Bazen gizlice eşini takip edenler, eşlerinin telefonuna gizli yazılım yükleyenler……bunların patolojik olduğunu düşünüyorum. Birisi başkasını sevecekse sever, aldatacaksa aldatır. Birinin kıskançlık çabasının olası bir aldatmayı engellediğine şahit olmanı. Yani burada işlevsiz olan bir durum var. Ne oluyor bir de? Mesela bir insan aşırı kıskançsa, patolojik kıskançlık yaşıyorsa……karşı taraf onu aldatmıyor olsa bile terk etme eğiliminde oluyor. Çünkü hayatı kişi hem kendine zindan ediyor hem de karşı tarafa zindan ediyor. Burada bu problemi yaşayan insanların en başta şuna odaklanması lazım. Bu bir problem. Bu gerçek bir hissiyat değil. Yardım alması, terapiye gitmesi, bu konuda bir adım atması lazım. Ve şunu bilmesi lazım, kıskançlık genelde karşı tarafın davranışlarıyla alakalı gibi düşünüyoruz. Ama benim içimde her zaman bir karşılığı vardır. Çünkü mesela kıskanç bir partilerle ben çalıştığım örneklerden şunu söyleyebilirim. Ahmet ya da Ayşe diyelim. Böyle bir adam ya da kadın, kıskanç, boşanıyor, başka biriyle evleniyor ya da sevgili oluyor. Bakıyorsun aynı kıskançlık, aynı davranışlar, aynı şüpheler bir sonraki evlilikte, bir sonraki ilişkide de karşımıza çıkıyor. Herkes mi kıskanılacak davranışlar yapıyor? Yani bu benim problemim. Hayatıma kim girerse girsin aynı kıskançlığı yaşamaya devam ediyorum.
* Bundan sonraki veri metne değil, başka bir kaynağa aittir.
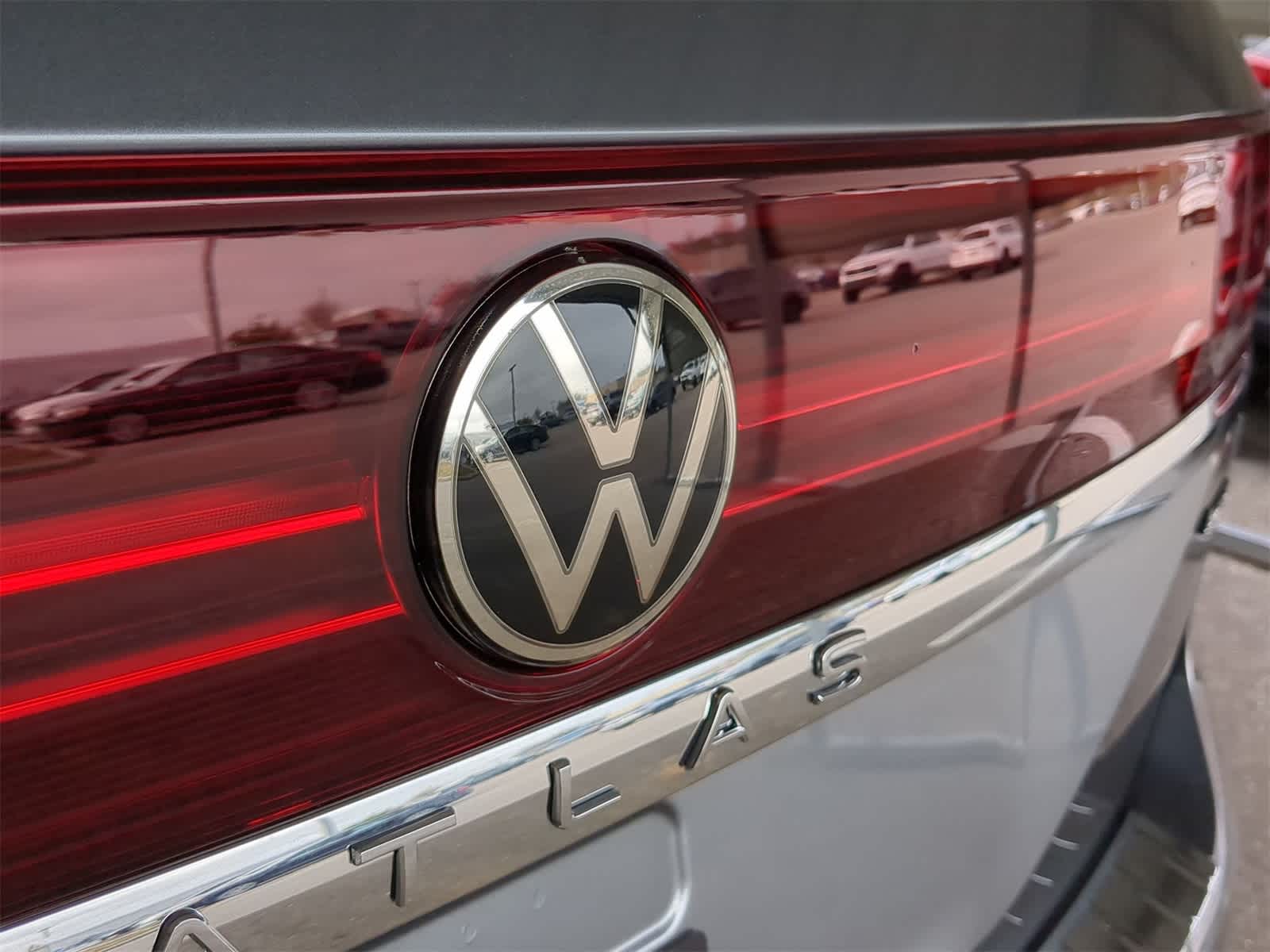 Thumbnail: 2025 Volkswagen Atlas - 12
Yani çözümü karşı tarafta değil, kendimde aramam lazım. Bunun temelinde bazı insanlarda bağlanma anksitesi dediğimiz bir şey vardır. Kendi anne babasıyla yaşadığı problemler, onlarla yaşadığı terk edilme durumları, geçmiş ilişki travmaları, mesela kişinin geçmişinde bir aldatılma varsa, bu da mesela travmatik bir deneyim olup sonrasında kıskançlığa sebep olabiliyor. Önce bunları çözümlemek lazım.
Yoksa öbür türlü her girdiğimiz ilişkide, her yaşadığımız ilişkide bu başımıza bela olacaktır diye düşünüyorum. Gelecek kaygısı aslında günümüz gençlerini, hatta yetişkinlerini de çok fazla etkileyen bir durum. Şimdi şöyle bir durum var. İnsanın zihninin çalışma prensibi, gelecekte olan tehditleri algılama üzerine. Çünkü insan neslinin bugüne kadar aslında devam ediyor olması,
en güçlü canlının insan oluyor olması da bizim aslında kaygı özelliğimizle çok alakalı.